Indiana officials chose Mayor Murray to represent the Hoosier State to offer her perception on rural American cities and their survival. Her experience in fronting the Greencastle Stellar Community effort was central to their selection since the mayor has worked alongside agencies like HUD, OKRA and CDBG and their representatives.

"I asked how many people lived or grew up in a rural community," Murray said, explaining panelists had an opportunity to interact with some 200 people in the room.

The other people on the panel with Mayor Murray on Monday were George Hunton, senior manager of the New Hampshire Community Development Finance Authority; Jim Tischler, community development director, Michigan State Housing Development Authority; and Mariia Zimmerman, MZ Strategies LLC.

Federal funding for communities the size of Greencastle -- just over 10,000 in population (by 326 people) via the latest census -- continues to get smaller and smaller, she told the Banner Graphic Wednesday, "while within our communities, our needs don't change."

If some of the federal programs that communities have previously relied upon are no longer in place, cities like Greencastle are going to find it more and more difficult, she said, "to answer the wants and needs of our constituents."

Communities that can successfully survive, she suggested, "will be the ones that are well funded, well positioned and lucky."

Rural communities, she explained, are ending up with fewer and fewer resources available to them as the federal government siphons fewer and fewer funds through the state.

"What can we do?" Murray asked, noting that the loss of such funds can't all be neutralized on the backs of local residents and businesses via fee increases.

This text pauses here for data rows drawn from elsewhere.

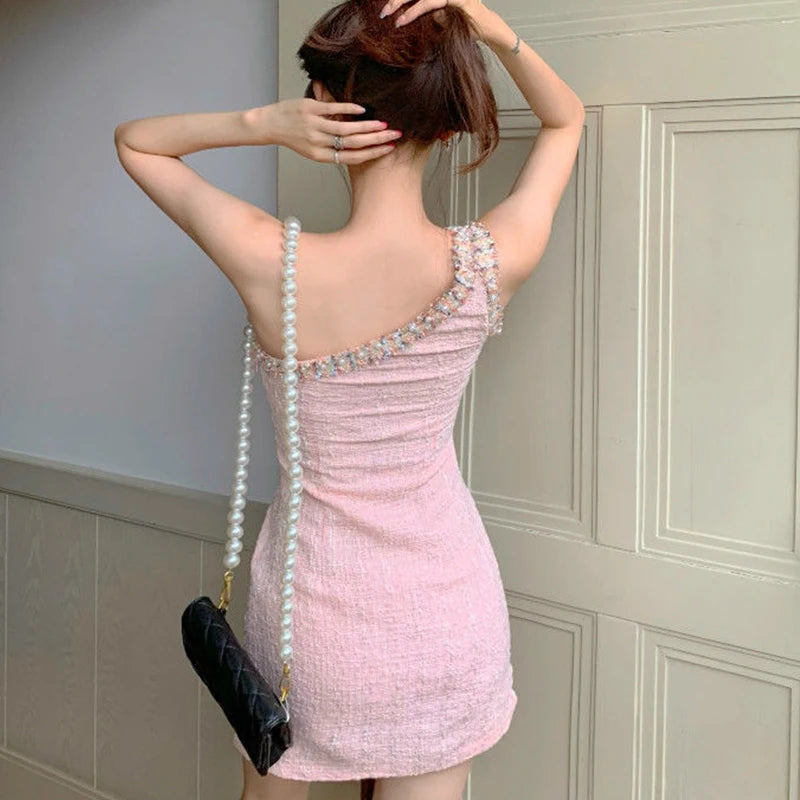 Women's Inclined Shoulder Mini Dress Summer 2023 Korean Elegant Pink Bodycon Slim Evening Party Gown Lady Vintage Graceful Dress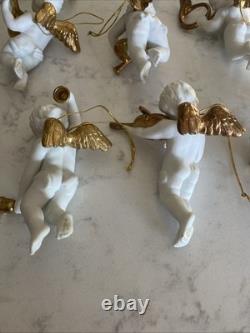 12 Vintage Franklin Mint Heralding Angels 24kt Gold Porcelain Ornaments Cherubs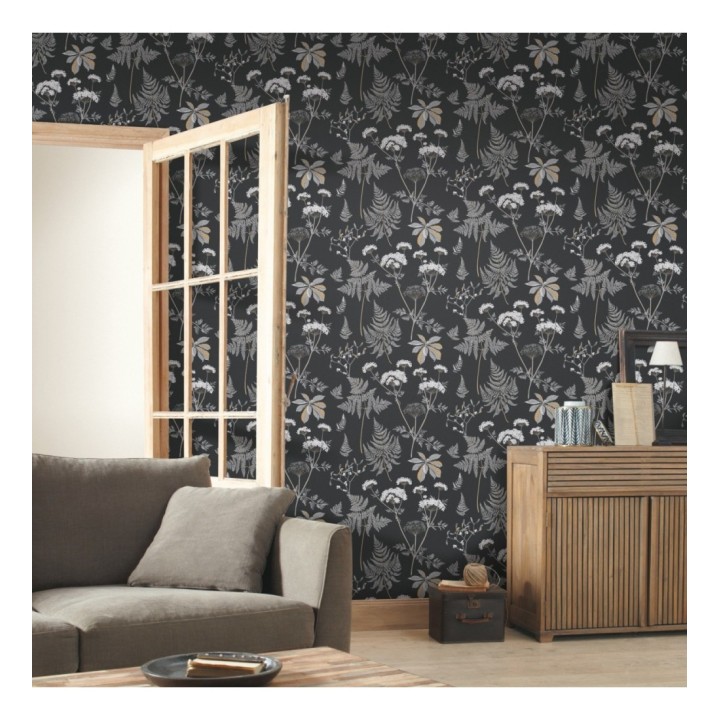 Papel pintado jardín botánico fondo negro - Agatha Forest 126883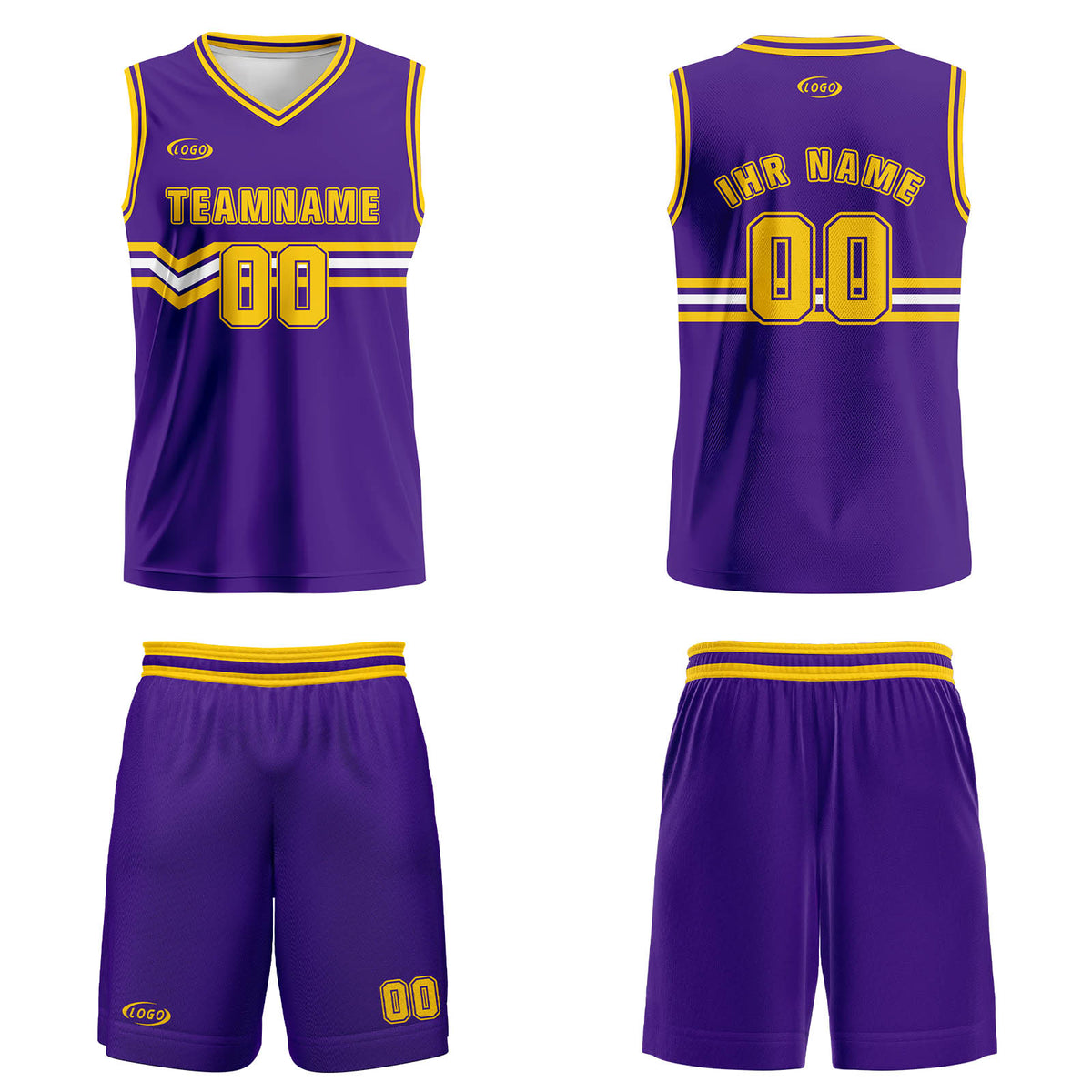 Benutzerdefinierter Lila Gelb Weiß Basketball Jersey Uniform Anzug gedruckt Ihr Logo Name Nummer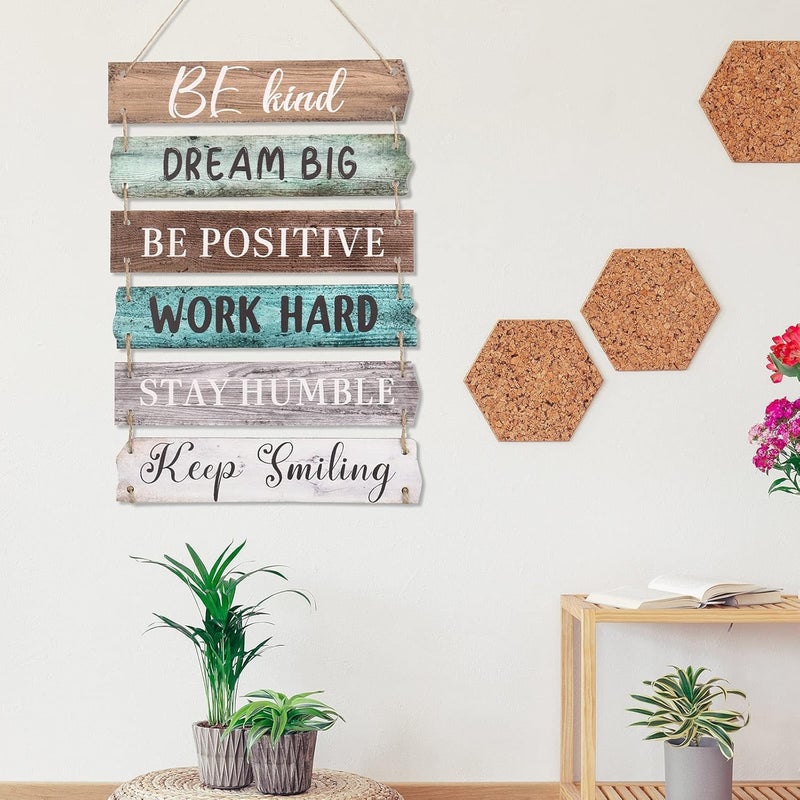 Al Raied ARS® 6 Pcs Rustic Wall Hanging Plaque Sign - Inspirational Wall Art for Home and Office - Image 5
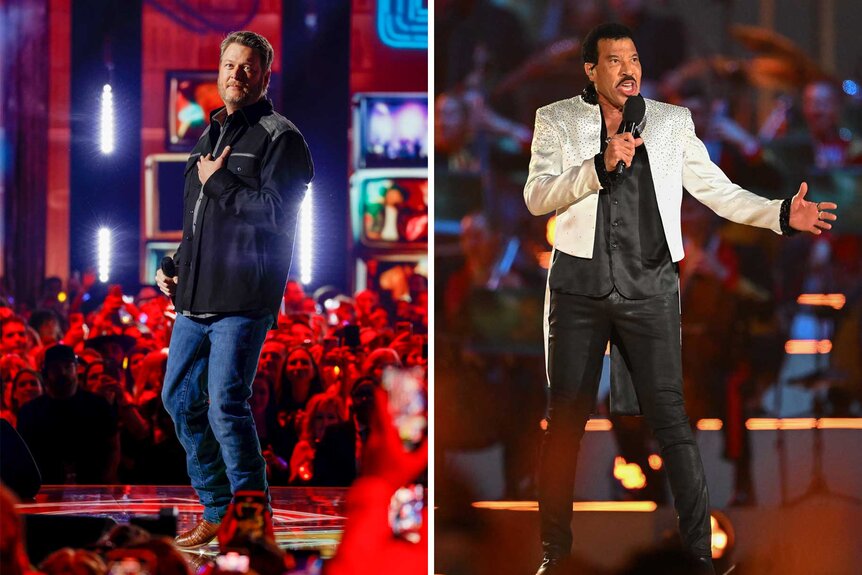 Split image of Blake Shelton and Lionel Richie.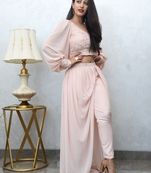 BLUSH PINK CROP TOP WITH COWL PANTS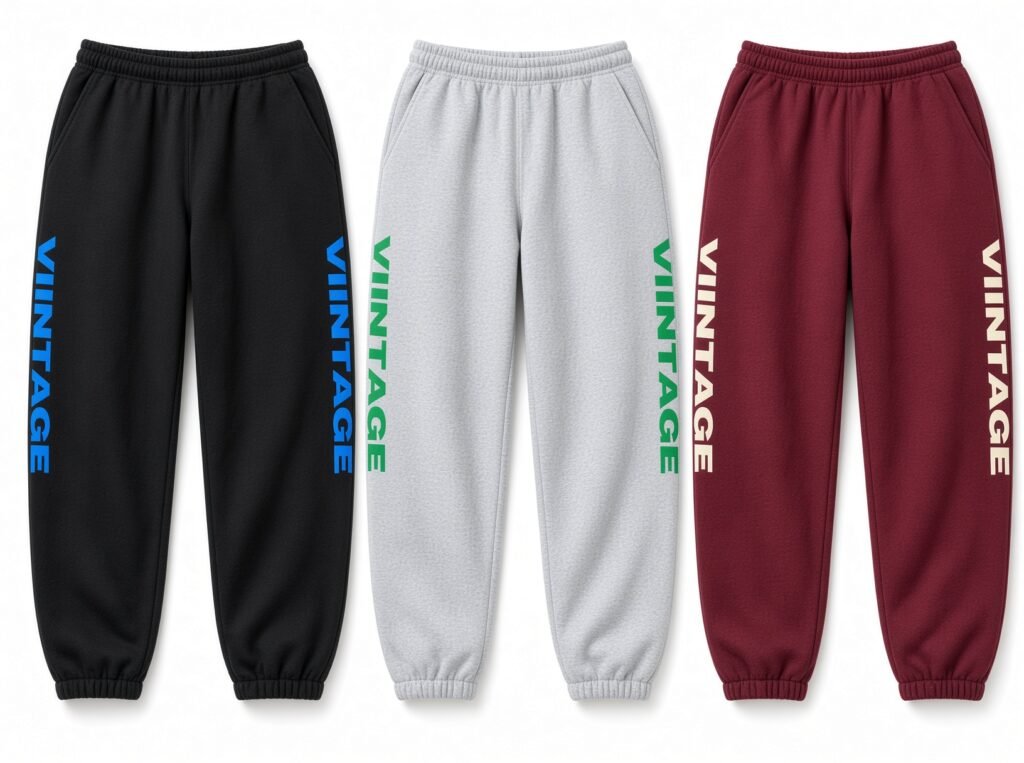 Three pairs of jogger pants in black, light gray, and burgundy with colorful vertical “VINTAGE” lettering
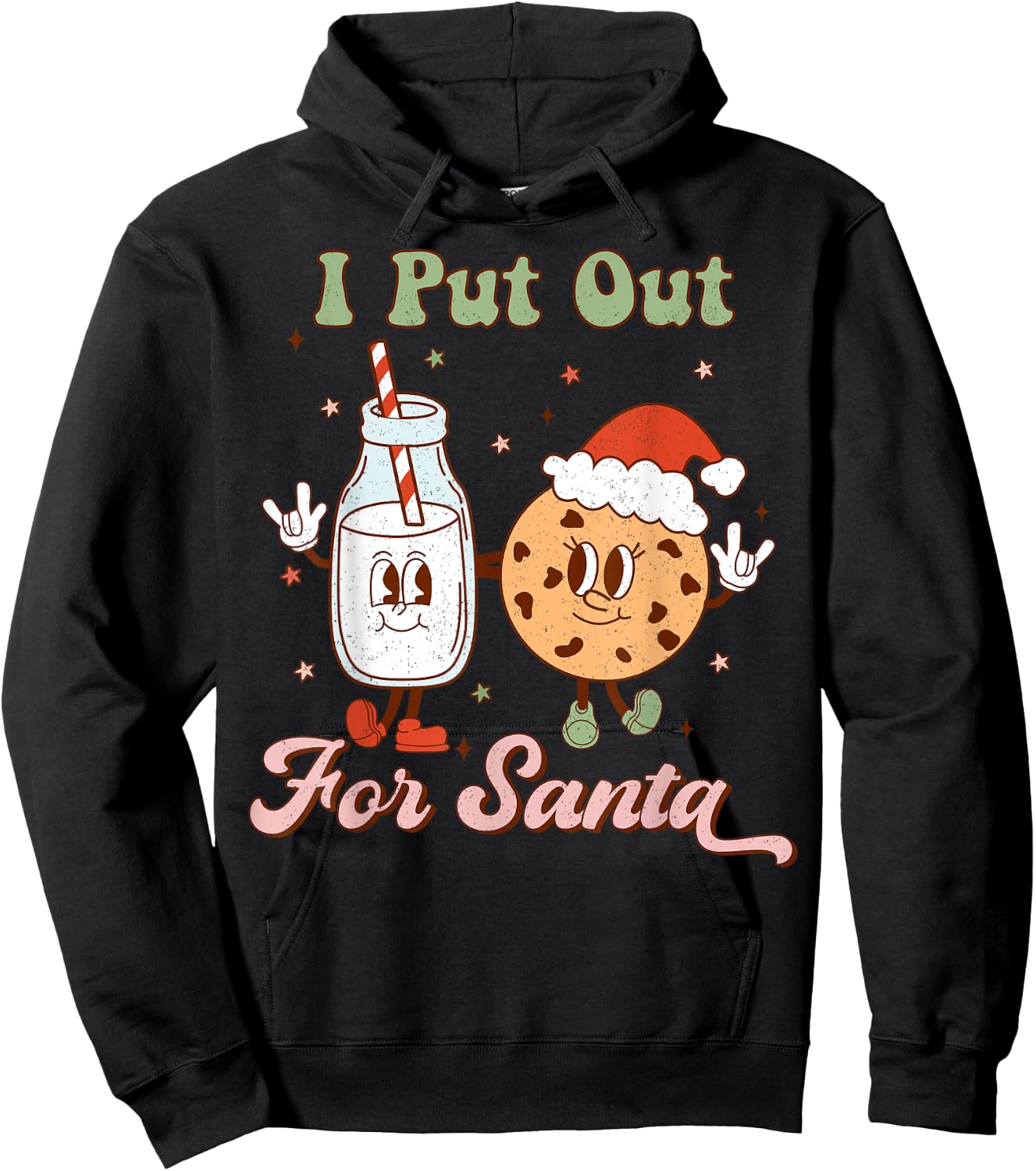 I Put Out For Santa Funny Milk And Cookie Christmas Retro Hoodie - Hoodie | Black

"It makes it very difficult without the extra funding for us to continue to do things like put police and fire on the street or patch our streets or put on programs at the park," she added of rural communities in general.

Greencastle, as the recipient of a $19.2 million Stellar Grant in 2011, is "one of the lucky small towns," Murray assured, noting its proximity to Indianapolis and a major airport as well as the presence of DePauw University have all played major factors.

"We were able to talk about 'Stellar,'" she said of the conference, "and the fact the state vetted us and found us to be well prepared for the future. We're far better off than many, many other places with 10,000 people."

Murray noted that representatives of the agencies that contributed funding to the Stellar Community Grant program were "very, very appreciative to hear that what they do does make a difference, and what they do is not just about dotting I's and crossing T's, and that what they do can help bring about change that can be truly transformative."

While most of D.C. stood idly by in the snow, Mayor Murray pulled on her Hoosier boots and trudged over to U.S. Sen. Joe Donnelley's office to express some concerns.

One of the specific concerns was grant funding for rural fire departments to help them purchase air packs that otherwise can easily run six figures to properly outfit a unit.

Also on her hit list was a change in interpretation of the Metropolitan Statistical Area (MSA) that has helped put Greencastle and cities like Lebanon and Martinsville behind the eight ball in their ability to access USDA programs for possible assistance in the future.

As of Oct. 1, rural communities must have a population of less than 10,000 if located in an MSA (or less than 20,000 if not) to be eligible for USDA funds. Greencastle has been lumped into the Indianapolis MSA, even though it is not in one of the doughnut counties around Indy.

The change, Mayor Murray noted, is the "direct result of congressional inaction and represents a significant modification in the definition of 'rural' and thus eligibility."

"That just reinforces the frustration of our situation," Murray added, noting that if that rural definition had been in effect in 2004, Greencastle never would have qualified inclusion in the Cinergy Metronet project that brought long-awaited high-speed Internet to the area.

And that doesn't even get into the whole water plant rules change that accompanied the city topping 10,000 in population. Bond issues and major expenses seem to loom in Greencastle's future to address that concern and Indiana Departmental of Environmental Management edicts.

Weathering that storm is among the challenges ahead for Mayor Murray and the City of Greencastle.